2Teagasc, Ashtown Food Research Centre, Ireland

PLS regression (PLSR) models are prone to overfitting through inclusion of redundant latent variables that model noise inherent in a given dataset. This can adversely affect model predictive ability with future datasets. Numerous methods have been proposed for prevention of overfitting in PLSR, including Wold's criterion, Monte Carlo cross-validation, smoothed partial least-squares regression [1] and the randomisation test [2]. One well-known sign of overfitting is the appearance of noise in regression vectors; this often takes the form of a reduction in apparent structure and the presence of sharp peaks with a high degree of directional oscillation, features which are currently estimated subjectively. We propose a simple method for objectively quantifying the shape of a regression vector; this measure can be combined with an indicator of model performance, such as root mean square error of cross-validation (RMSECV), to produce a new criterion for PLS model dimensionality estimation.
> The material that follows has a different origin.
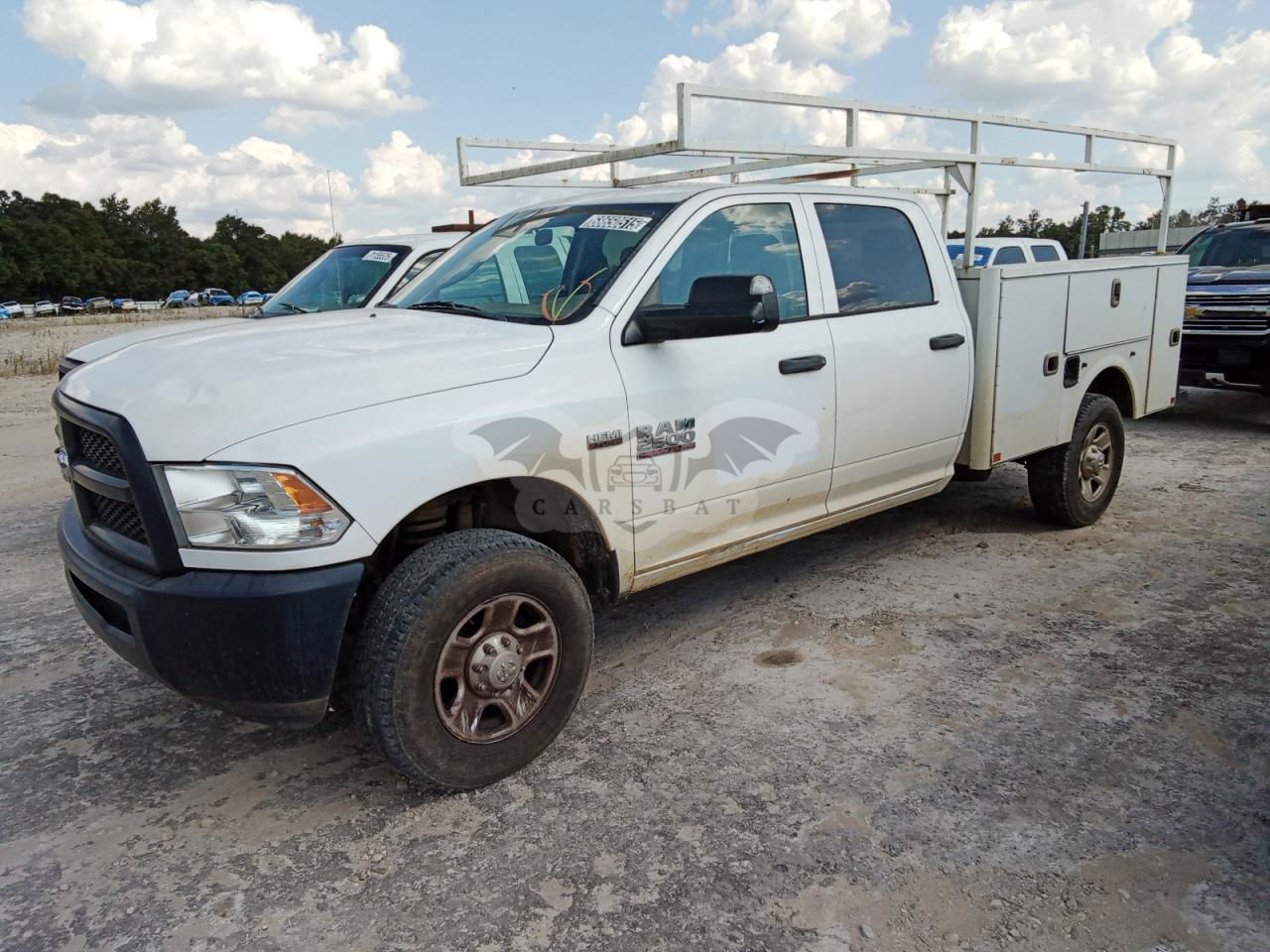 RAM 2500 ST 5.7L  8 2017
The consistency of this new method is demonstrated on simulated and real datasets and compared with existing methods for estimation of optimal model dimensionality.

References:
1. S. Gourvenec, J. A. Fernandez Pierna, D. L. Massart, D. N. Rutledge, 2003. An evaluation of the PoLiSh smoothed regression and the Monte Carlo Cross-Validation for the determination of the complexity of a PLS model, Chemometrics and Intelligent Laboratory Systems, 68, 41-51.
2. M.P. Gomez-Carracedo, J.M. Andrade, D.N. Rutledge, N.M. Faber, 2007. Selecting the optimum number of partial least squares components for the calibration of attenuated total reflectance-mid-infrared spectra of undesigned kerosene samples, Analytica Chimica Acta, 585, 253-265.